Here's the situation:

I'm installing radiant floor warming in our kitchen. The subfloor is dri-core over a cement slab. The radiant floor heating cable needs to be embedded in about 1/4 inch of self-leveling cement. I've screwed the dricore panels down tight to the slab so there's no flex at all. However, I'm concerned that the self-leveling cement won't bond very well to the OSB. The cement hasn't cured yet, but it doesn't seem to stick the OSB very well.

I'm going to finish the floor with engineered wood so it not like I have to worry about a super solid base to support tiles.

I'm just wondering I'm overly concerned and should just finish the rest with primer.

Any advice or experience?

thanks,
Gord
 
I think you are overly concerned. I have used the self leveling with and without the primer. I use it every time I remember becuase it is recomended and seems to flow better with it down. It is not something I get to worked up about if I run out in the middle of a job. Self leveling will setup and stick to just about anything. If you check tomorow or the next day I am sure it will be bonded to your satisfaction. That stuff is a bit expensive to demo if you dont need to.

I am not from cold country (san diego ) I was wondering how the wood would hold up to the heat

pqglen
 
I think you are right. Today the cement is starting to cure and getting harder so it think it will be ok.

I did go out buy the primer for the rest of the job and its dead simple to use and my guess is that it is just acrylic, same as what gets added to mortar to make it stronger so it increases adhesion right at the surface.

> I am not from cold country (san diego ) I was wondering how the wood would hold up to the heat

A few years ago most radiant heating suppliers were saying "tile only" but recently both the heating and flooring suppliers say engineered wood floors are okay over radiant flooring. Floor warming system are pretty low power, for example, 15 watts per square foot so you can imagine that the 15 watt light bulb wouldn't be a lot of heat to put to a piece of wood, especially multiply wood flooring.

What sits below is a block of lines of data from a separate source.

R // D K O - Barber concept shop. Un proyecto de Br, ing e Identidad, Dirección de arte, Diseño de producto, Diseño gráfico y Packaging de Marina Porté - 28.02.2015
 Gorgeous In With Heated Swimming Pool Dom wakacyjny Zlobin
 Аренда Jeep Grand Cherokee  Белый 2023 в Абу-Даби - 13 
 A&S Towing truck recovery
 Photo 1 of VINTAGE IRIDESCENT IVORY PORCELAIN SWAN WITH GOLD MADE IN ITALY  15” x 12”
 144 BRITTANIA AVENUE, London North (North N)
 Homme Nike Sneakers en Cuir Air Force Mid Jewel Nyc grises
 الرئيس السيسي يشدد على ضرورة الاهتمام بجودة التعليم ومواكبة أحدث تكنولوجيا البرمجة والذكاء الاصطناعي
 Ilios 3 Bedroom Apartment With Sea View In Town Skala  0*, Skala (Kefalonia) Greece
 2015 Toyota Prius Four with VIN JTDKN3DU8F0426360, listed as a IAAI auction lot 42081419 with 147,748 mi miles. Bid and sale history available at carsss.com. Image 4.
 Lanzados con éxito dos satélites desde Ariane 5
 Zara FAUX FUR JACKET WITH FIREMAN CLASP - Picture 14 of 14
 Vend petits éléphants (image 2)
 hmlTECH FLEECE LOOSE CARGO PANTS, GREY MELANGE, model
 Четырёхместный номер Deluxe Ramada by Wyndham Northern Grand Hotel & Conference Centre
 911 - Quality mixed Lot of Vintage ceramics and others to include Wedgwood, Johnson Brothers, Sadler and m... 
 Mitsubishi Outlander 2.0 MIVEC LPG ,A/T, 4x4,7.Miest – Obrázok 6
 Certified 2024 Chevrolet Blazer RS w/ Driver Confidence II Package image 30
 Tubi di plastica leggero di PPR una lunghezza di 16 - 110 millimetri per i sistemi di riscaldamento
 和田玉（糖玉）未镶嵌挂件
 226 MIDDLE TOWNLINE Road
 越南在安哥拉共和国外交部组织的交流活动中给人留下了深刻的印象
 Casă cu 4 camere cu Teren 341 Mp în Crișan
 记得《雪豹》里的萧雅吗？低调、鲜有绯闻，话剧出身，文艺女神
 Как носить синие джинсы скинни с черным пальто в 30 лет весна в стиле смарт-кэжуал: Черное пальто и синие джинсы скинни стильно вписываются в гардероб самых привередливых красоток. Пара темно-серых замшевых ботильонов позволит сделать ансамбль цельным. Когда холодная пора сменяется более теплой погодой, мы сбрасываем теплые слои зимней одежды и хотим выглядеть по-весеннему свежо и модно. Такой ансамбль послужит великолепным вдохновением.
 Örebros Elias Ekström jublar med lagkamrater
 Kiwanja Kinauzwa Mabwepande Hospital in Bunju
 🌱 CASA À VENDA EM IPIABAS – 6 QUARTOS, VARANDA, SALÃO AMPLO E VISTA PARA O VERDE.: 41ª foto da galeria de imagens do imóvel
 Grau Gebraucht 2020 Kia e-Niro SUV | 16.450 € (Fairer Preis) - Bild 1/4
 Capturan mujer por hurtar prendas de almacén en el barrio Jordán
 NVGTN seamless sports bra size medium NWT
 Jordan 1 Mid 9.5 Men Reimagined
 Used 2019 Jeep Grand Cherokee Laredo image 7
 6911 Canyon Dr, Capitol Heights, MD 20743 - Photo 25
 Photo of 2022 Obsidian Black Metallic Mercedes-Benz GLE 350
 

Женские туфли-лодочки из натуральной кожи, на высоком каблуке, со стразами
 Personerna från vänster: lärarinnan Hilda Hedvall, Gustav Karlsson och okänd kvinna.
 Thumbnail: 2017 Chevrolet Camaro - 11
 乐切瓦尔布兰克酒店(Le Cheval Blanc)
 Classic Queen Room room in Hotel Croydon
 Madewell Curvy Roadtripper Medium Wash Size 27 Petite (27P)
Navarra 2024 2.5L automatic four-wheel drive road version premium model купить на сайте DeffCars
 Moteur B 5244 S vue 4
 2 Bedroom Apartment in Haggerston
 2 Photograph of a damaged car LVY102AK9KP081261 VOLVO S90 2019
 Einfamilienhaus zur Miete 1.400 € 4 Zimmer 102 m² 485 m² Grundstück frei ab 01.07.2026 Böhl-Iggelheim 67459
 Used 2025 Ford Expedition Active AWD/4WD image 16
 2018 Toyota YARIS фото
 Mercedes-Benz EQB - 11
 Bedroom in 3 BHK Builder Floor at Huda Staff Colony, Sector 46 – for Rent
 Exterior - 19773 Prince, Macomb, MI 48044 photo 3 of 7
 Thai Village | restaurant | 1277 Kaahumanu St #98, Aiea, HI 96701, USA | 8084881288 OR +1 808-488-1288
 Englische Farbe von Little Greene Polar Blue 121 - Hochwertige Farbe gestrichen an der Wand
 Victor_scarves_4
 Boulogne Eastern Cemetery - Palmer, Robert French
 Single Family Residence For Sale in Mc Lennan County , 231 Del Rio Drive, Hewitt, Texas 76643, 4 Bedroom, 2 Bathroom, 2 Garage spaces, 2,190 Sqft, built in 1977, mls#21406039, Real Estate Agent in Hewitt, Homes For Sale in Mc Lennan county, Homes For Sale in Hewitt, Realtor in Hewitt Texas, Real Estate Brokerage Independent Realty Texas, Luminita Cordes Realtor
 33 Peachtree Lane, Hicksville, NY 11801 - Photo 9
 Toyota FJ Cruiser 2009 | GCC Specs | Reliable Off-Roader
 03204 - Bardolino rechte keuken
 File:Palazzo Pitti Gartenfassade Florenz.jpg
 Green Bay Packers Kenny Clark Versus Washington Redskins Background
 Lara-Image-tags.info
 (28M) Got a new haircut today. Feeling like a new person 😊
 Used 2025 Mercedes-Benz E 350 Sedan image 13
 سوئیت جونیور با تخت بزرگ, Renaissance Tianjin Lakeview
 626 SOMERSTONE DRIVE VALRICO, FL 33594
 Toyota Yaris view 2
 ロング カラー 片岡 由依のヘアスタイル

Also, I'm not *heating* the room with the floor system, it also has forced air. The radiant floor system is just to keep the draft off of the floor: one whole wall is a glass solarium so while its very well insulated glass its cools the surface of floor on wicked cold days. The solarium company recommended radiant floor warming as being a very nice to have with this arrangement.

thanks for the advice.

Gord
 
If you keep it at a fairly steady temperature, you shouldn't notice any problems.